BPEL support in Petals DSB


As promised in the last article about my talk at OW2Con 2011 last week, here is a video on something I was not able to show due to some low resolution problems. The video is a bit long but shows several things (in the right order):

  1. The DSB Manager Web application is used to manage the Distributed Service Bus. It uses the DSB Web service API to interact with node instances running somewhere…
  2. The DSB Manager is used to bind business services to the DSB (let’s forget JBI, the user does not care about it…). DSB services are also exposed. Every DSB node provides the same business API with the help of the distributed endpoint registry it uses.
  3. The DSB Manager uses the DSB BPEL API to deploy BPEL processes to the DSB. Up to the DSB to use the right internal endpoint when the process is executed.

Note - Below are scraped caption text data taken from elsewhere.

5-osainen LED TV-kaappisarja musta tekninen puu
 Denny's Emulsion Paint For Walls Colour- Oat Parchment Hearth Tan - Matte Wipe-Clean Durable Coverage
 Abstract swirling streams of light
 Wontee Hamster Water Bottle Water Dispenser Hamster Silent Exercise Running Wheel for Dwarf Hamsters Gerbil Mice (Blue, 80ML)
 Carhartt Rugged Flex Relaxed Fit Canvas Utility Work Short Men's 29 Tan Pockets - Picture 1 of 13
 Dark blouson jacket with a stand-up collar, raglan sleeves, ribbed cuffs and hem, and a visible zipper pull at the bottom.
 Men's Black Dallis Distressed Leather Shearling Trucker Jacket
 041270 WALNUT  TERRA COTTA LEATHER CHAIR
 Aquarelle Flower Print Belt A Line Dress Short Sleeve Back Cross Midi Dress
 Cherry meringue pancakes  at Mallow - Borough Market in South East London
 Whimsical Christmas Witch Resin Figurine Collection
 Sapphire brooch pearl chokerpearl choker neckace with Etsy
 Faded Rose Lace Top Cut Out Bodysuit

Services can be hosted on any node, it is the role of the DSB to route messages to the right endpoint on the right node. The BPEL process is exposed as Web service and can be invoked by any Web service client. Here I just use SOAPUI client.
  4. We can monitor what happens when invoking a service! For now the DSB Manager uses Web service notification to subscribe to some monitoring topic hosted on the DSB node. When a message is exchanged between the client and the services involved in the process execution, notification are automatically published to the DSB Manager which has just subscribed. The monitoring uses Web sockets for live display in the browser…
  5. Last thing is just a test to show more monitoring data when many calls are exchanged between consumers and providers.
Let’s go one step further… The BPEL engine we use in the DSB is our own (PetalsLink) BPEL engine we developed from scratch. This allows us to have a complete control on it and to be able to extend it and embed it as we want without any constraint. In the current case, the BPEL Engine is hosted on a dedicated DSB component. It means that we do not have an external thing which talk with services through some exposed services. This is really important to notice that by doing such thing we can really base process execution on a Service Oriented Architecture. When developing the BPEL process with the Petals Studio, or when creating a BPM process (more details in a future post), you do not have to care about service endpoints. You just have to say to the process that you want to call operation X of service Y or interface Z. It is up to the DSB hosting the BPEL engine to resolve endpoints at runtime. By using this approach we can really do interesting things, just because the DSB is Distributed: services can be hosted on any nodes, can be replicated, can move, can be updated without any impact on the process itself: Oh wait this is SOA!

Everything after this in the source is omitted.